A tiny placard of a quote by Herbert Swope placed on his bookshelf aptly sums up Cook’s philosophy: “I don’t know the formula for success, but I do know the formula for failure, and that’s trying to please everyone.”
Below that quote is his nineword solution: “For I do always those things that please him,” in the words of Jesus.
TRUE HEART AND SKILLFUL HANDS
A missionary kid, basketball coach and missions professor, Cook was an entirely different man than his “elegant” Cornell-educated predecessor, Dr. Chase. When Chase left to assume the presidency at Wheaton College, Cook felt like something of an underdog.
“I looked back at the giants that were the leaders of Biola — R.A. Torrey and Sam Sutherland,” he said. “And then there’s Clyde what’s his name.
“I never aspired to be president,” he said. “I never dreamed of it, but I felt it was God’s calling and I needed to be obedient.”
But it didn’t take long for Biola to recognize that Cook had the staying power of David in Psalm 78:72, as a leader with both a true, devoted heart and skillful, industrious hands to carry it through.
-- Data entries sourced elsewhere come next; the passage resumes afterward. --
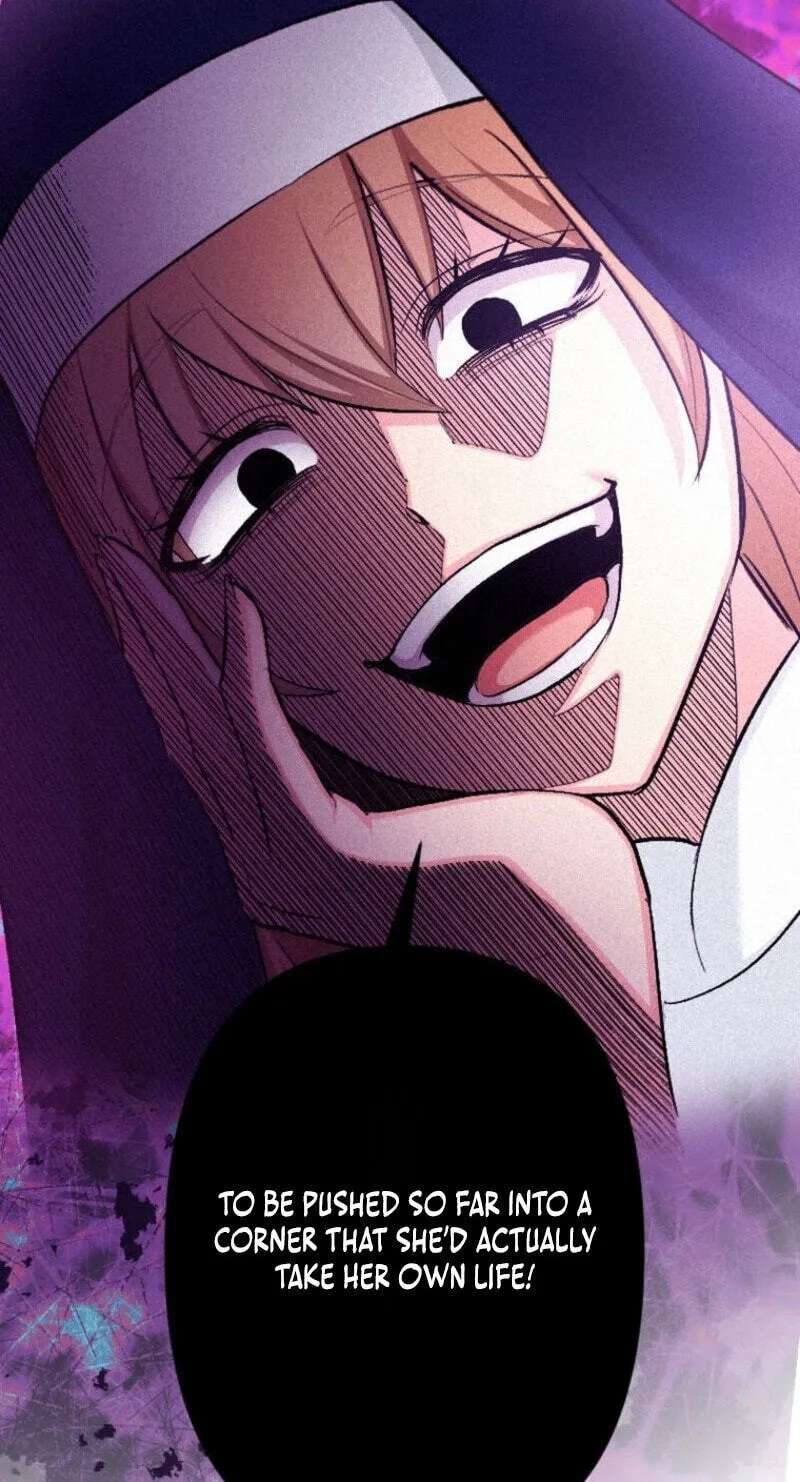 Yari Suterareta Seijo wa, Raisede wa Dekiai Kyohi Suru Koto o Chikaimasu Chapter 76 - page 20
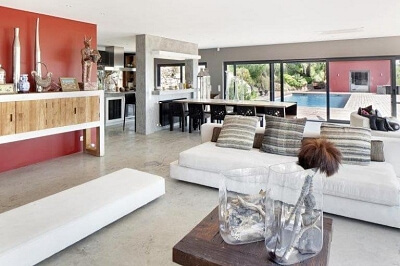 Portugalsko, Metropolitní oblast Lisabonu - Cascais | Prodej, Rodinný dům, 7+kk, 640 m²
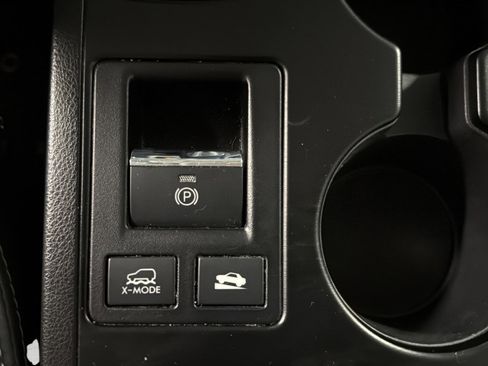 Used 2019 Subaru Outback 2.5i Limited image 32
Cook’s daily schedule consists of waking up early, arriving in the office before most others in Metzger, and attacking an e-mail inbox full of correspondence and school needs.
“He has a gift for dictation, he’ll write letters,” said Brian Shook, Cook’s personal assistant. Shook said he always ends the day with a clean desk, no matter how hefty his workload.
“He’s just that efficient with his time,” he said
If Cook isn’t spending time in correspondence, meetings, or attending chapels (he never misses one when he is on campus), he is traveling around the U.S. and abroad. As president of college presidents associations, and Biola’s ambassador to the rest of the world, he speaks to hundreds of thousands about the school and the Lord with his characteristic warmth and wit.
But it’s the personal side of Cook — what Shook calls his “pastoral” side — that earns him a place in the hearts of Biola students of the present and past. He is known to attend weddings of former students, officiate funerals and open his office doors to any student who wants to talk.
At every speaking engagement, he references his “dear wife,” Anna Belle.
“I think he raised the value of the spouse,” Hafer said. “If that’s all he did, that would still be amazing.”
Most notably, he held true to the mission Biola created 98 years ago, never compromising the school’s hallmark biblical commitment. In his tenure as president, the school’s academic respectability blossomed, without touching the 30 units of Bible and the chapel requirement.
With his trademark humility, he takes none of the credit for himself.
“This was totally God’s calling,” he said. “I mean, look at the influence Biola has here and abroad — it’s in the thousands.”
And just as former president Sam Sutherland said years before when he passed the presidential baton, Cook was sincere when he proclaimed, “I believe Biola’s best years are ahead of her.”